Where does that leave art journalism?
It leaves it where it has been festering for a while. A self-righteous, glorified Page Six. A place where “failed” artists can pivot, trade in their brushes for bylines, and build power among their peers. A place in the pockets of the top one percent of galleries, artists, and dealers who use it as their own personal rocket launcher against opposition. After a lawsuit. As a device in a smear campaign. As a tool for a hostile takeover. Or whatever else these weirdos cook up in their free time.
I have been targeted by the art press myself. Nate Freeman, who now works at Vanity Fair stuffing his nose up the rich and famous. Ann Binlot from Document Journal, who runs on some kind of BIPOC “model minority” oppression complex, simmering over the black girl who got more attention from weird men she wanted recognition from. And the weirdo who runs Cultbytes.
None of them have journalistic integrity. But that is not surprising, because art journalism itself does not have journalistic integrity. It is a glorified blog. A place where a critic’s pick on Artforum might earn you fifty dollars, if you are lucky. These supposed journalists decide what to write about based on the perks they receive. It is not just that journalists are being bought and sold. They are openly advocating to be used by the rich and powerful.
Jay Penske, son of Roger Penske and head of Penske Media Corporation, owns nearly all major entertainment media outside of social media. His most impressive position is probably as the largest shareholder in Vox Media. The acquisition of Art in America, ArtNews, and Artforum might seem impressive until you realize how out of sync those publications are with the rest of the company’s portfolio. Not because of their content, but because of the basic numbers, the ability to inflate impressions dramatically, launder prestige for the art world, and contribute to an oversaturated market that makes the truth harder to see.

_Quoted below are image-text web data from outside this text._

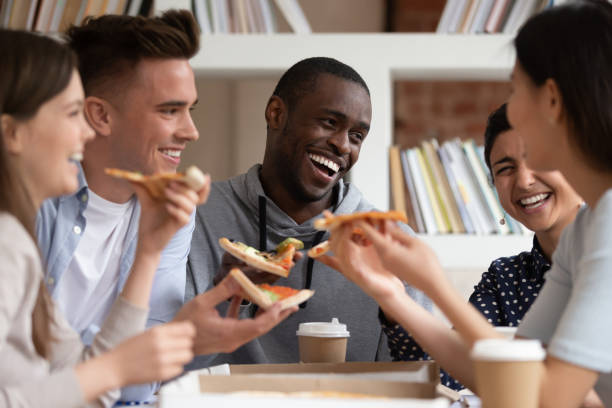 istock Overjoyed multiracial young people have fun eating pizza 2202466093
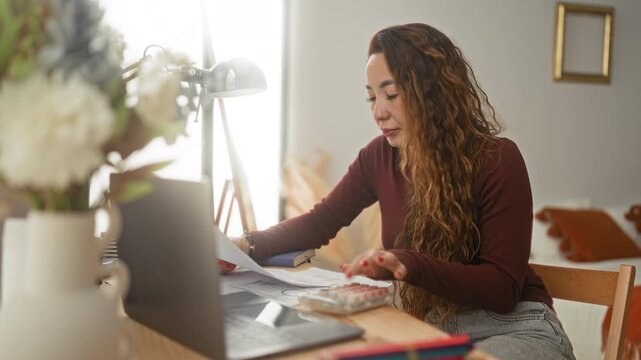 Woman at laptop holds printed pages and points finger to a calculator on a desk in a bedroom of a building with soft lamp light; concentration productivity.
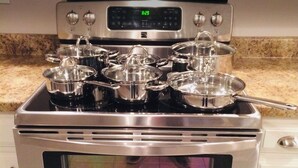 A stainless steel stove with pots and pans on it, a digital clock, and a microwave oven below.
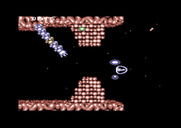 Life Force for Commodore 64 - Flying through a narrow area...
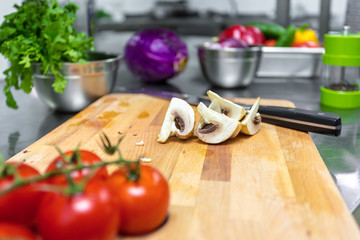 Various vegetables and kitchenware on a kitchen table in a restaurant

Art journalists are not even pressured through old fashioned intimidation anymore. They are overwhelmed with impressions, with access, with the promise of proximity.
Artnet’s Wet Paint, a weekly column run by Annie Armstrong, reads like the ketamine addicted version of the corpse of Vice Magazine, so desperate to maintain a shred of counterculture lore that even neo-fascism is openly used and embraced. Dealers like Matthew Brown are mentioned, though no one really cares about the art dealer beyond the fact that his grandfather is an oil baron and he is married to Marlene Zwirner( David Zwirner daughter). Framing them as a "power couple" has no bite. It is not aspirational. It is formulaic.
When Johnny Depp and Kate Moss were rolling around in bed in 1994, it was sex appeal. This is not that. There is no sex appeal in that marriage. Maybe money. The kind of money any rich kid can access by opening a gallery. But there is nothing cool about it.
ArtNews does not write against any of its advertising clients. The Armory Show withheld two thousand dollars from me, and ArtNews killed the story. Maybe because Frieze, who recently acquired a stake in the Armory, is a major sponsor. Maybe because two thousand dollars is a small price to pay to keep the machine running.
All the articles about "progress" are fluff pieces meant to fill space. The only slightly biting story recently is the coverage of Kehinde Wiley’s sexual assault allegations, which have been an open secret for a long time. And even then, people barely care. Most people do not care.
I was once sexually assaulted in front of senior Pace Gallery directors in Venice and told to be quiet by a well-known European gallerist and collector. Where are the allegations against the powerful, wealthy white men who sell art to the people listed in Jeffrey Epstein’s black book?
Black women cannot be raped in the white Anglo-Saxon psyche
Crickets. We will not get that story in ArtNews, Artnet, Art in America, or Artforum.
Instead, we will get the stories about a nonwhite person owing money. A woman being indicted in criminal court. The “other” usual targets, taking the fall for an industry that exists to protect and fuel abusive white men.
If art journalists actually did their jobs, they would uncover multiple abuse rings connected to major art collectors. They would uncover the culture of fascism and white supremacy that runs through the foundations of the industry. But it is not in their interest. Their interest is to propagandize. To act as foot soldiers for the wealthy.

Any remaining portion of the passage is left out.